# Textured Wall Pattern



## Late Deco (Jul 2, 2009)

Hi,

I have a room which requires to have a textured finish on the wall and I am trying to match the same texture used elsewhwere in the house.

The walls are plaster (fibrous hair) with plaster texture but I don't know how this particular texture style has been achieved (refer to photos).

Would anybody know on how this pattern can be achieved ?

Regards,

Late Deco.


----------



## genecarp (Mar 16, 2008)

And you are?


----------



## Late Deco (Jul 2, 2009)

I am a solid plasterer, at least that's whatwe are known here in Australia.


----------



## Frankawitz (Jun 17, 2006)

use your mop brush, trowel on your plaster, dab it with your mop, ten trowel it smooth.


----------



## tyler durden (Jan 12, 2008)

Put on blindfold then trowl.


----------



## Elite_Drywall (Feb 23, 2009)

Just go to your local Home Depot you will find tons of folks that know how to do that type of texture.


----------



## rhardman (Jul 7, 2009)

*Matching texture/hope I'm not too late...*

I'm guessing the house was built in the 30's or early 40's...

The texture was hand applied after the base coat was allowed to set and still damp to the touch. 

It looks like a small dobber or float was used, probably 3-4 inches wide and 8 - 10 inches long. There may have been a type of loose fabric on its surface. Your best bet is to use a white float (white sponge with a handle used for plastering) then use some hot mud. 60 minute would probably be okay, depending on the size of the ceiling you are doing.

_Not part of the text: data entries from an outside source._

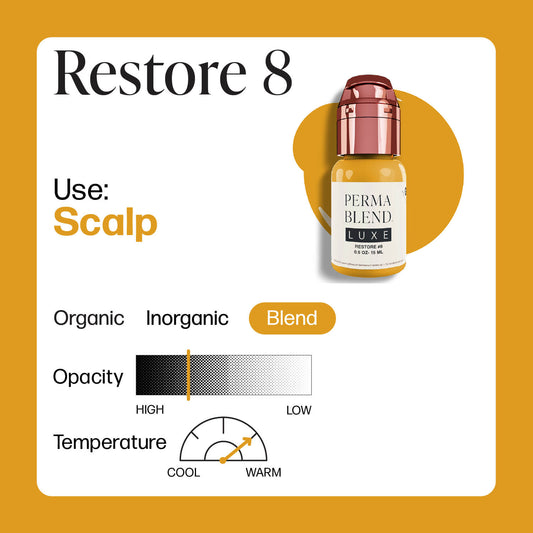 Restore #8 - Stevey G.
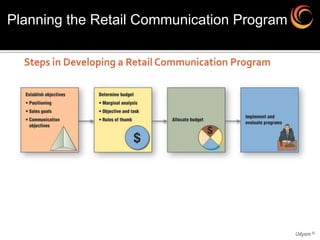 Planning the Retail Communication Program




                                            Udyam ©
 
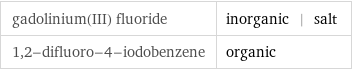 gadolinium(III) fluoride | inorganic | salt 1, 2-difluoro-4-iodobenzene | organic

If you want to go for perfection, tie some T-shirt fabric to the float (the knot away from the working surface) leaving some short loose ends so they can dip into the mud.

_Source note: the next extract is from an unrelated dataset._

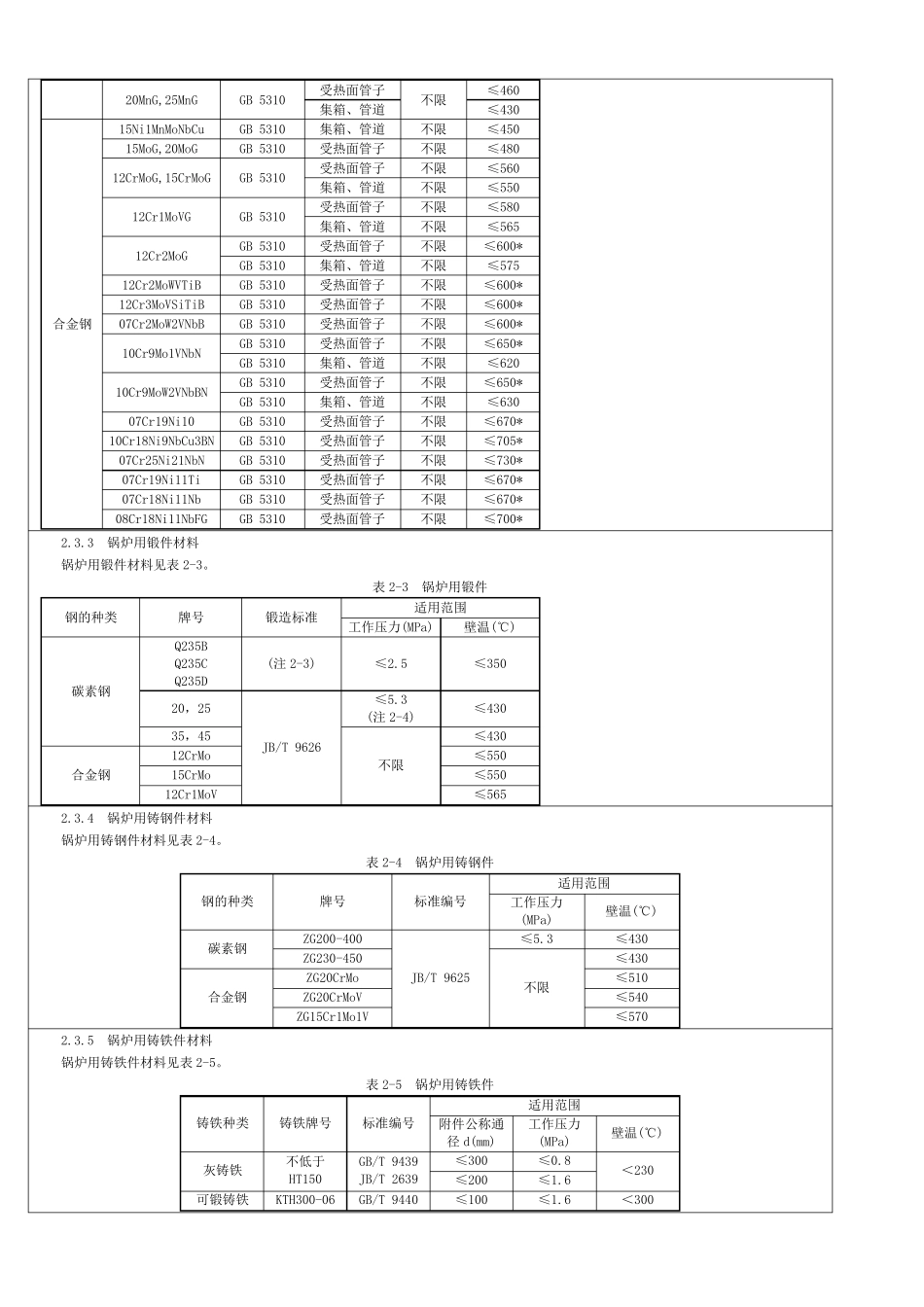 《锅炉安全技术监察规程》TSGG00012012简称新锅规_第3页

Add a heaping double handful of plaster of paris to a 5 gallon bucket of hot mud and mix in a lot of water. The pattern is pretty sloppy but also has some body to it so don't make it too runny.

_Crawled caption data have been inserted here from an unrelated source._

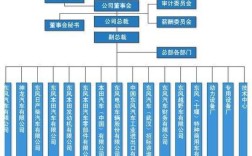 东风集团子公司关系图／东风的子公司
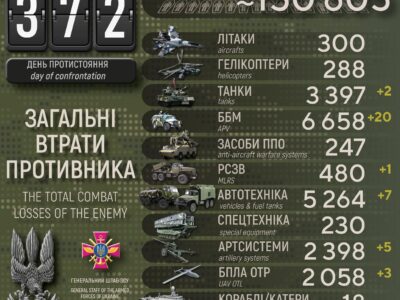 Сили оборони України ліквідували вже понад 150 тисяч окупантів  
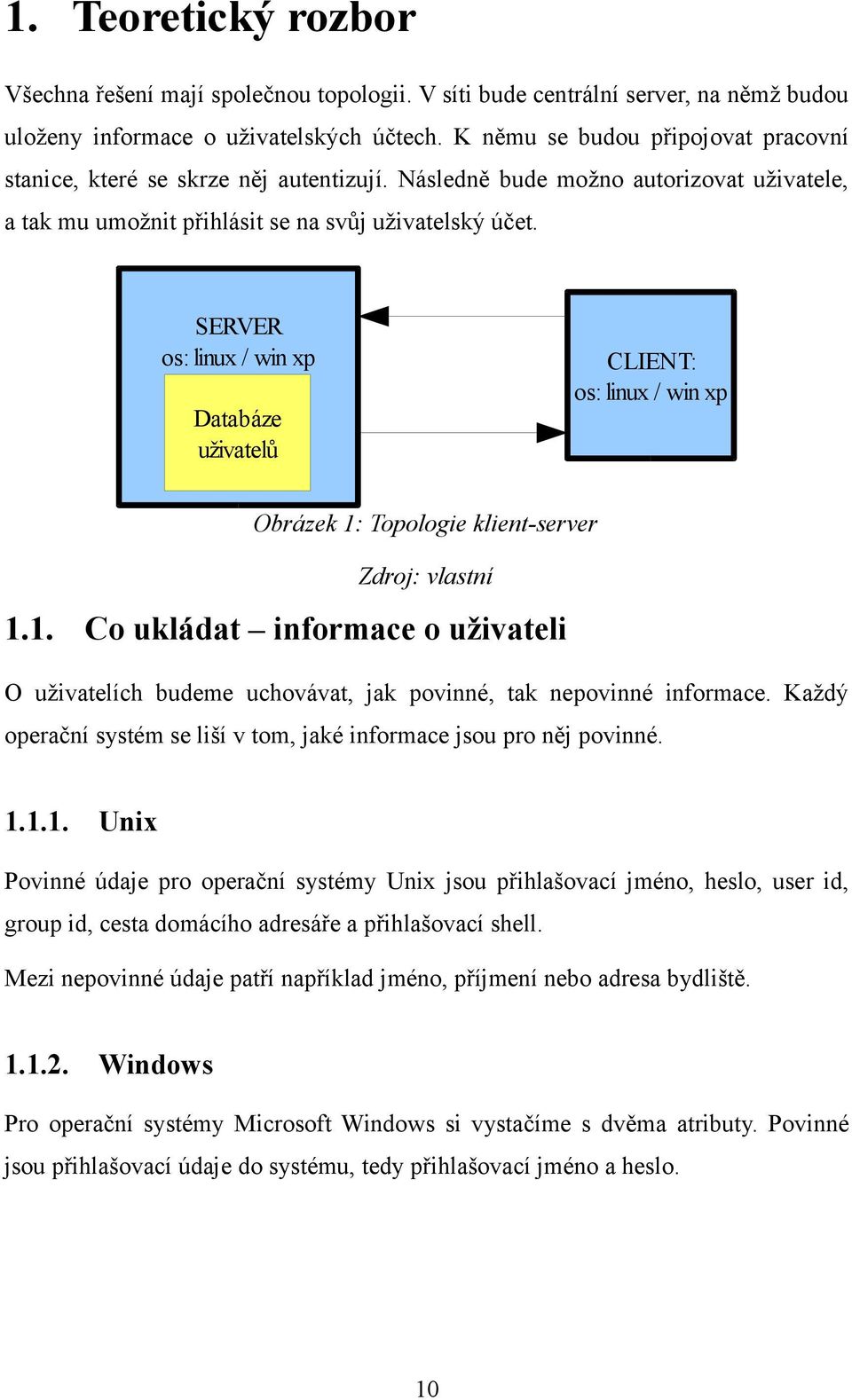 SERVER os: linux / win xp Databáze uživatelů CLIENT: os: linux / win xp Obrázek 1: Topologie klient-server Zdroj: vlastní 1.1. Co ukládat informace o uživateli O uživatelích budeme uchovávat, jak povinné, tak nepovinné informace.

Take a spare piece of sheetrock (4x8) and start with the application. If you can hang it from the ceiling it would be best. Begin at one end dobbing the mud on in a non random pattern. Don't jump around the board and try to keep a wet edge as you are working.

You will need to study your sample very closely to try to use the same wrist pattern the original had. If you look closely you can see the rectangular patterns. This particular texture is continuous so don't leave any area without mud. Sometimes go light and sometimes let it build. Double "dob" as needed.

In some areas you're going to have to really slop it on in order to match the original. This is why the sample board is so important. Play with it and don't let yourself get intense (about it). If you keep it fun, you'll get a better product.

While you're dobbing, watch that the edges of the pattern round out, if they remain sharp you don't have enough water in the mix. If it's dripping and not thick, obviously there is too much water. 

After the whole sample is applied, leave it alone for a few minutes. The material will "take up" and begin to set.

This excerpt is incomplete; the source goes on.